(Caption-style text data)
[Start of Attachment]

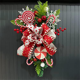 thumbnail image 3 of ckepdyeh Lágrima navideña floral con lazo de caramelo y frutos rojos, corona navideña colgante en forma de lágrima, puerta artificial en forma de lágrima, 3 of 6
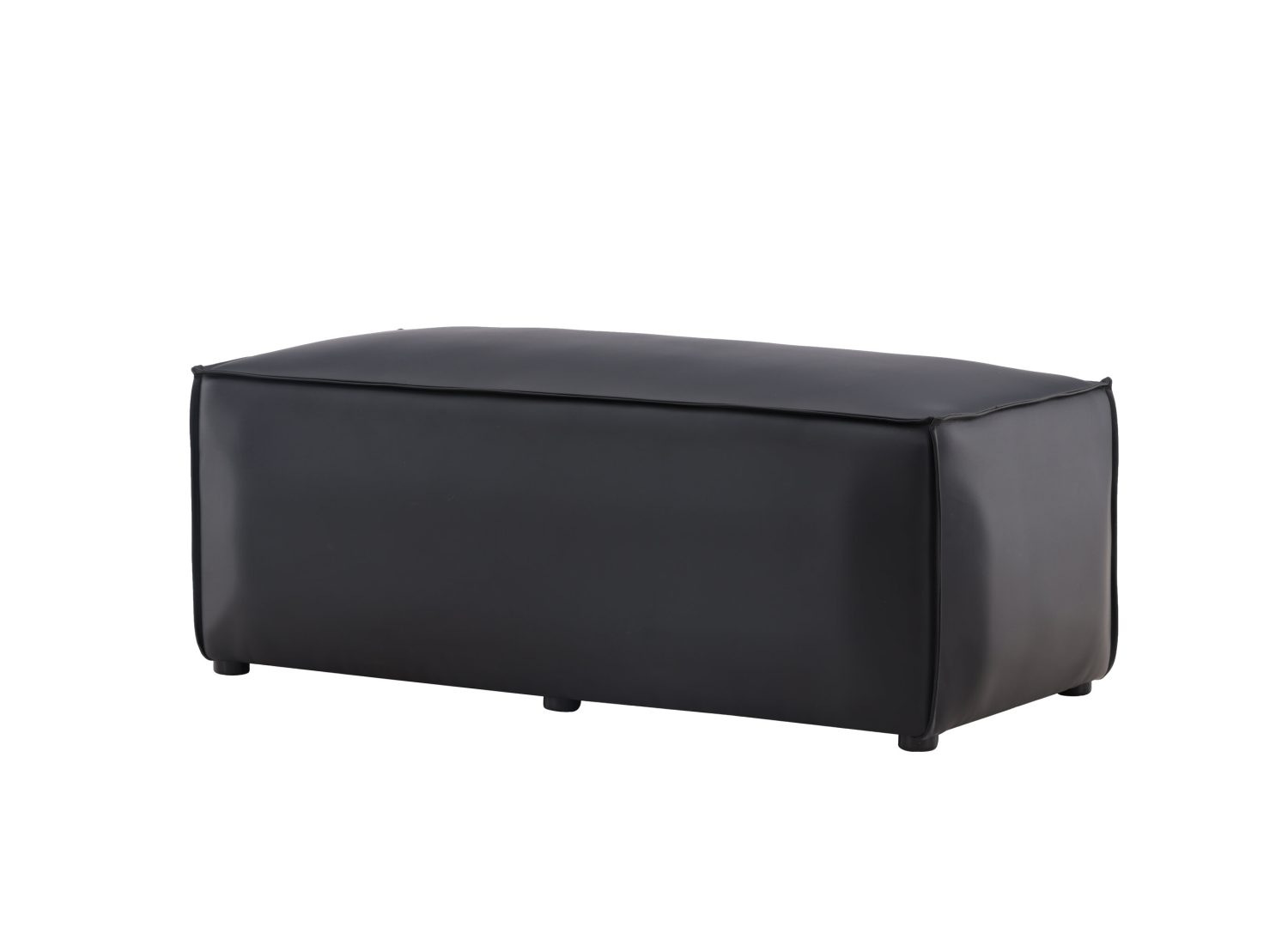 Pouf Palermo similicuir en polyuréthane noir 59 cm vu sous un autre angle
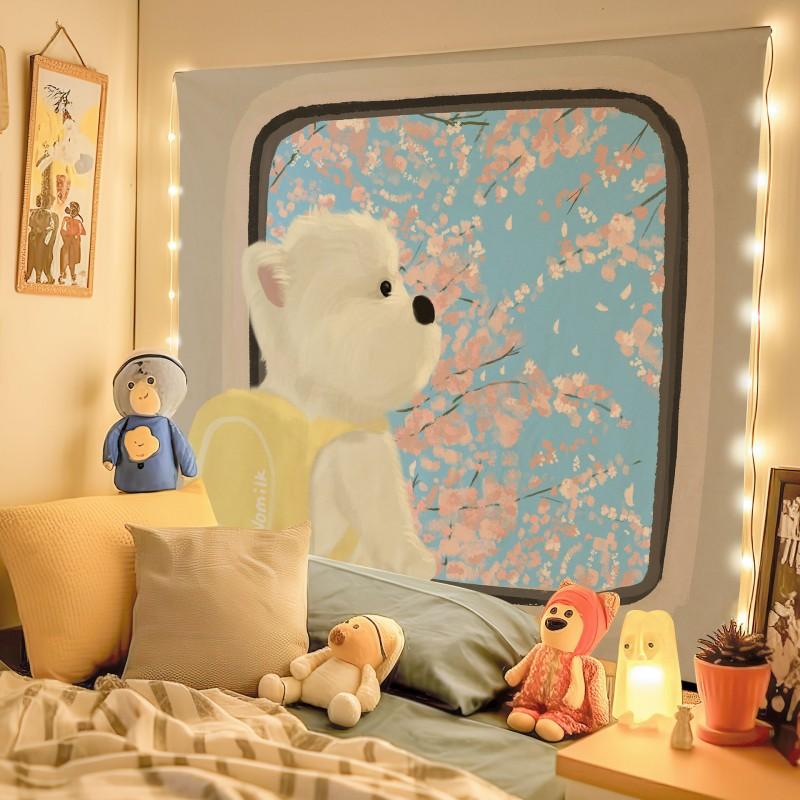 VIKAMA Cartoon Dog Cute Background Cloth Ins Style Room Decoration Tapestry Dormitory Rental Room Wall Cloth Wallpaper Decor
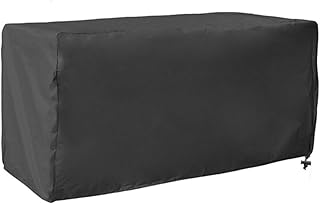 210D Oxford Gartenbox Abdeckung Wetterfest mit Schnalle & Kordelzug, UV-Beständige Schutzhülle für Aufbewahrungsboxen im Außenbereich, Schwarz(123×62×55cm)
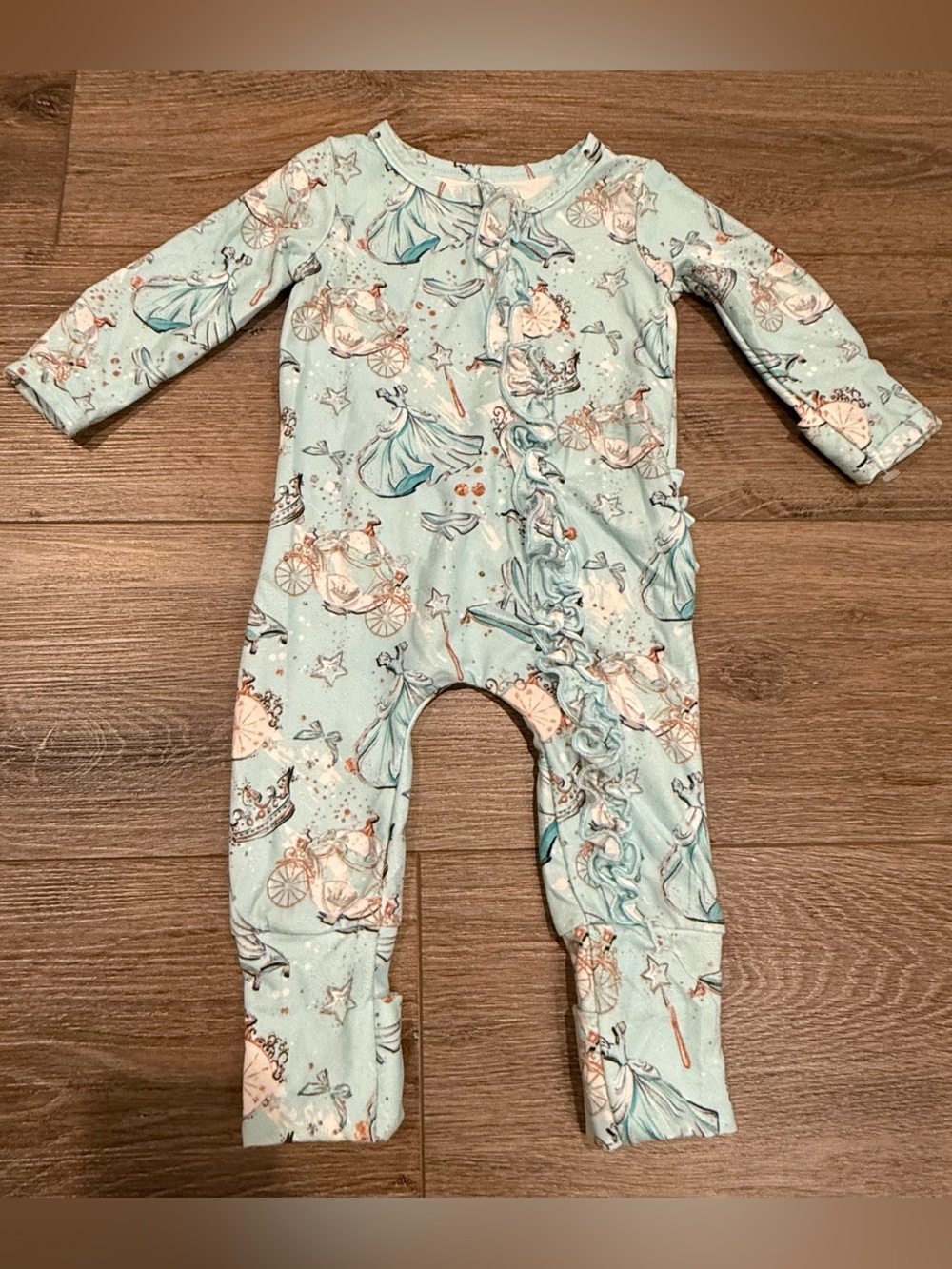 Charlie’s Project Cinderella Fairytale Princess Print Ruffle One-Piece Bodysuit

[End of Attachment]

▸ **THE TASK**
Since only the text is wanted, repeat all the records above exactly and omit the pictures.

▸ **WRITTEN ANSWER**
 thumbnail image 3 of ckepdyeh Lágrima navideña floral con lazo de caramelo y frutos rojos, corona navideña colgante en forma de lágrima, puerta artificial en forma de lágrima, 3 of 6
 Pouf Palermo similicuir en polyuréthane noir 59 cm vu sous un autre angle
 VIKAMA Cartoon Dog Cute Background Cloth Ins Style Room Decoration Tapestry Dormitory Rental Room Wall Cloth Wallpaper Decor
 210D Oxford Gartenbox Abdeckung Wetterfest mit Schnalle & Kordelzug, UV-Beständige Schutzhülle für Aufbewahrungsboxen im Außenbereich, Schwarz(123×62×55cm)
 Charlie’s Project Cinderella Fairytale Princess Print Ruffle One-Piece Bodysuit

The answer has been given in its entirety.